Great Outdoors 1GARDEN MUMS ARE EASY TO COME BY and will bring pops of red, white, yellow and orange to your yard or garden this fall, without sowing seeds. PHOTO BY MEGHAN GODBY

By Meghan Godby

In the early days of spring, garden stores are bustling with activity. Shoppers eagerly scoop up bags of potting soil, seed packets (candy cane beets, anyone?) and fancy tools. Their hard work is bound to pay off – as they tend to their potted flowers or rows of seedlings, a spring garden promises bountiful harvests and colorful blooms all summer long.

Given the record heat we’ve been having lately, it’s hard to imagine that fall is right around the corner. But once temperatures start to drop and flowers begin to wilt, it doesn’t mean that you have to stop gardening. In fact, there are many varieties you can plant now, while the weather is still mild and the first frost has yet to creep in on us.

Because there is no harsh, sweltering heat, many plants root better in the cooler fall soil. Let’s start with vegetables. This time of year, hardier crops like lettuce, spinach, peas and radishes are your best bet. They thrive in cooler temperatures and can bring food to your table in just a few short weeks. Since the weather is warmer, you can direct sow (no need to fuss with seedlings indoors) and the soil is already primed for planting after months of summer sunshine.

No time to sow seeds, but still eager for some fall color? Consider favorites like Garden Mums. These colorful plants are easy to come by and will bring pops of red, white, yellow and orange to your yard or garden. If you have patience, it’s also a great time to plant bulbs (think daffodils, tulips) that will grace you with color come springtime.

Trees and shrubs also take well to cooler soil and can often be purchased at a discount this time of year. This includes fruiting plants like raspberries, blueberries and grapes. Although you won’t be able to harvest come wintertime, you’ll be grateful for your hard work once springtime rolls around.

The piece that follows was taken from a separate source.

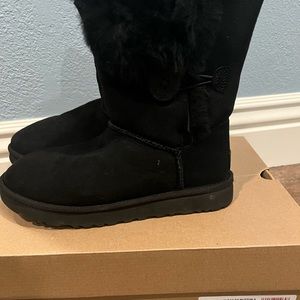 UGG Bailey Button. Black size Womens size 6.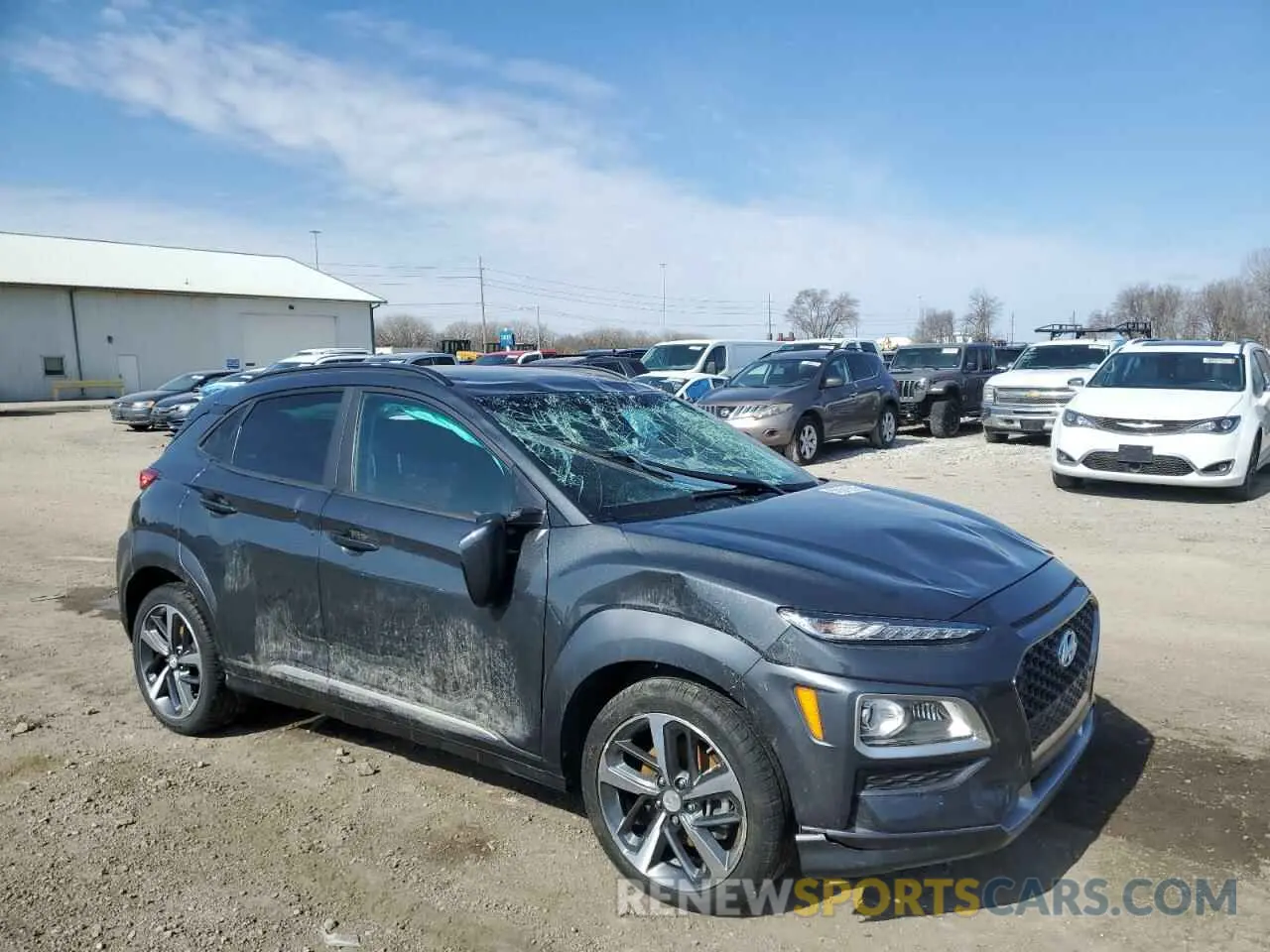 4 Photograph of a damaged car KM8K3CA52LU412859 HYUNDAI KONA 2020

Inspired? You can always stop by a home improvement store or even a grocery store for some quick buys. But why not support a few local mom and pop shops? Young’s Market and Garden Center (9400 W. 44th Ave.),  Abner’s Garden Center (12280 W. 44th Ave.), Al’s Pine Garden (6815 W. 4th Ave.) and Southwest Gardens (4114 N.  Harlan St.) have been around for decades and are staffed with knowledgeable neighbors that can help you make the best selection.

So don’t pack up your gardening supplies just yet! Whether you’re new at the hobby or a seasoned pro, you still have plenty of time to get your hands dirty. If you’re interested in learning more about what grows best here, head over to almanac.com and search for Zone 5b – that’s the hardiness zone for most of the Denver metro area.